The “blogosphere” has been all atwitter with stories of the COMEX [Commodity Exchange] warehouses running out of gold. There was interesting speculation about the motives behind the ECB’s recent sale of gold. The ECB happened to sell gold on the exact same day that Credit Suisse (CS) had to make a large delivery of gold (for more check out this link). Despite the ECB’s recent brush with openness it is highly unlikely that we will ever find out if this was pure coincidence or a calculated bailout.
This incident did peak our interest in the amount of gold in the COMEX warehouses. If Credit Suisse did indeed have a delivery issue it could indicate COMEX warehouse stocks were depleted.

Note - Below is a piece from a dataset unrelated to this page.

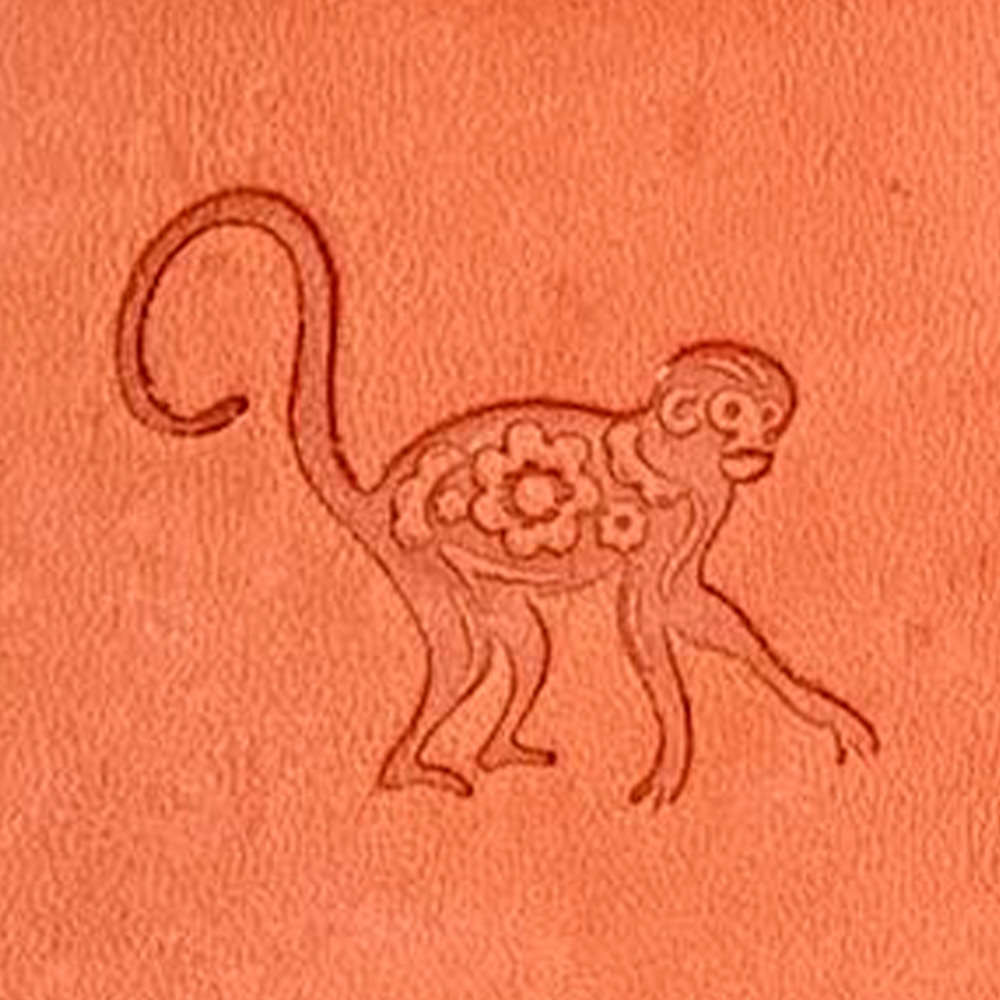 A straightforward line drawing of the Chinese Zodiac Monkey with a curvy tail on an orange background, featuring its back adorned with intricate floral patterns.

We were highly skeptical of this speculation as on any given day over 20 million ounces of gold could be purchased at the London Bullion Market.

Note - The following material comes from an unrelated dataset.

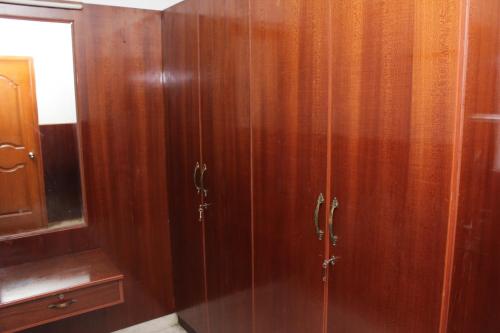 a wooden cabinet with a glass door in a bathroom at Happy Planet in Chennai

Our skepticism was confirmed with the release of the World Gold Council’s Q1 report on gold. In the report they provide a chart on the amount of COMEX gold stocks as a percentage of long positions.
Click to enlarge:
The chart clearly shows the amount of gold in the COMEX warehouses vs. long positions is at all time highs. In fact, during Q4 2008 the percentage of stocks vs. long positions hit a 5 year high. This occurred while the financial markets were melting down and demand for physical gold was surging. While there have been shortages of coins and small bars the availability of large bars has actually increased as a percentage of long positions.